For multivariate temporal data, we recommend using a dependence tour, where one axis is reserved for the time index, and the other axis is used to tour on the multiple variables. For spatial data, we recommend using an image tour, where horizontal and vertical axes are used for spatial coordinates and colour of a tile is used for the tour of multiple variables.
## Tours in other software
There are tours available in various software packages. For most examples we use the `tourr` package, but the same purpose could be achieved by using other software. We also use some of the software this book, when the `tourr` package is not up for the task. For information about these packages, their websites are the best places to start
- [liminal](https://sa-lee.github.io/liminal/): to combine tours with (non-linear) dimension reduction algorithms.
- [detourr](https://casperhart.github.io/detourr/): animations for {tourr} using `htmlwidgets` for performance and portability.
- [langevitour](https://logarithmic.net/langevitour/): HTML widget that shows tours projections of a high-dimensional dataset with an animated scatterplot.
- [woylier](https://numbats.github.io/woylier/): alternative method for generating a tour path by interpolating between d-D frames in p-D space rather than d-D planes.
- [spinifex](https://nspyrison.github.io/spinifex/): manual control of dynamic projections of numeric multivariate data.
- [ferrn](https://huizezhang-sherry.github.io/ferrn/): extracts key components in the data object collected by the guided tour optimisation, and produces diagnostic plots.
## Supporting software
- [classifly](https://github.com/hadley/classifly): This package is used heavily for supervised classification.
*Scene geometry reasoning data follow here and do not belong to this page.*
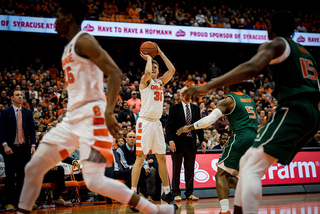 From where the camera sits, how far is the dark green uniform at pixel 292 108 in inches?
109

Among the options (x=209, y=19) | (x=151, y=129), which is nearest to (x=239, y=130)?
(x=151, y=129)

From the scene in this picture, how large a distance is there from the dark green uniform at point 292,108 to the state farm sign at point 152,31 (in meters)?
16.1

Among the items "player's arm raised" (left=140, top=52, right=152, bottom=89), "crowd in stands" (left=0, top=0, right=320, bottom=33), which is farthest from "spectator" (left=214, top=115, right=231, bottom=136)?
"crowd in stands" (left=0, top=0, right=320, bottom=33)

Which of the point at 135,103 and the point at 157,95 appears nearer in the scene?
the point at 157,95

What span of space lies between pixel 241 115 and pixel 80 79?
265 centimetres

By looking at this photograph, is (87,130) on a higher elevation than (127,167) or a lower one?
higher

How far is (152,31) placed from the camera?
63.4ft

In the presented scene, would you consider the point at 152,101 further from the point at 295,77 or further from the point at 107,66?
the point at 295,77

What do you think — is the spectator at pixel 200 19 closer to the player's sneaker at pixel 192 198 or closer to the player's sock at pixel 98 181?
the player's sneaker at pixel 192 198

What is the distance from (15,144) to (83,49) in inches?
195

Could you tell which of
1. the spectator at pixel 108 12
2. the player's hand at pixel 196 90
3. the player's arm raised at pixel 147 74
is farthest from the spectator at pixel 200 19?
the player's hand at pixel 196 90

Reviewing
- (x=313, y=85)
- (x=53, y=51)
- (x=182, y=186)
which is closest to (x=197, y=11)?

The `explore()` function is used to explore the classification model. It will predict the class of a sample of points in the predictor space (`.TYPE=simulated`), and return this in a data frame with the observed data (`.TYPE=actual`). The variable `.BOUNDARY` indicates that a point is within a small distance of the classification boundary, when the value is `FALSE`. The variable `.ADVANTAGE` gives an indication of the confidence with which an observation is predicted, so can also be used to select simulated points near the boundary.